MV-SC

Multiview Spectral Clustering

Multiview Spectral Clustering.

It provides a function, mvsc, which produces a single clustering assigment, but considering all the input data from different views.

class multiview.mvsc.MVSC(k=2, sigmas=None, neighbours=None, clustering=True)

Multiview spectral clustering on a list of matrices or distance matrices.
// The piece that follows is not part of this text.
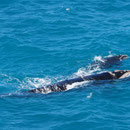 Southern right whales resp. auf deutsch...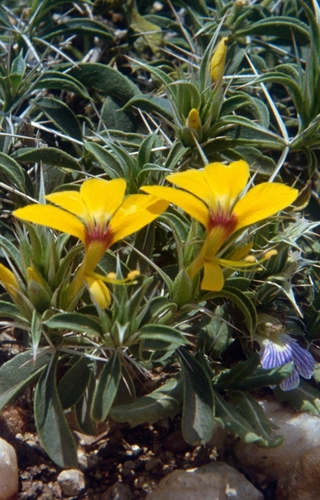 Barleria proxima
Computes the multiview spectral clustering of data on a list of matrices or distance matrices (or a mix of both), supposed to be different views of the same data. In the case of plain data matrices, euclidean distance will be used to generate distance matrices for that data view.

Notes

All input views must have the same number of samples (rows).

Parameters:
  • k (int) – Number of desired clusters.
  • sigmas (Either None, an integer value or a vector of int, default: None) – They correspond to the sigma parameter in the Gaussian radial basis function. If it is None then the default sigma computation is used (average distance to the log(n)-th neighbour, with n = number of samples), unless neighbours has a value different from None. If it is a single number then the same sigma is applied to all input views. If it is a vector each value in it is applied to the corresponding input view.
  • neighbours (Either None, an integer value or a vector of int, default: None) – They correspond to the expected number of neighbours per point, used to estimate the sigma values of the Gaussian radial basis function. If it is NULL then the default sigma computation is used (average distance to the log(n)-th neighbour, with n = number of samples). If it is a single value then the same number of neighbours is used on all input views, else each value in the vector is applied to the corresponding input view. Does not have effect if sigma is different from None.
  • clustering (boolean) – Tells mvsc if it has to perform the clustering on the projection or to skip the clustering step of the algorithm.
embedding_

ndarray – Clustering of the nviews input data.

evalues_

ndarray – Eigenvalues computed during spectral clustering.

evectors_

ndarray – Eigenvectors computed during spectral clustering.

sigmas_

ndarray – Best sigmas used for calculating Gaussian similarity.

References

Ng, Andrew Y, Michael I Jordan, and Yair Weiss. 2001. “On spectral clustering: Analysis and an algorithm.” Nips 14 (14). MIT Press: 849–56. doi:10.1.1.19.8100.

Planck, Max, and Ulrike Von Luxburg. 2006. “A Tutorial on Spectral Clustering A Tutorial on Spectral Clustering.” Statistics and Computing 17 (March). Springer US: 395–416. doi:10.1007/s11222-007-9033-z.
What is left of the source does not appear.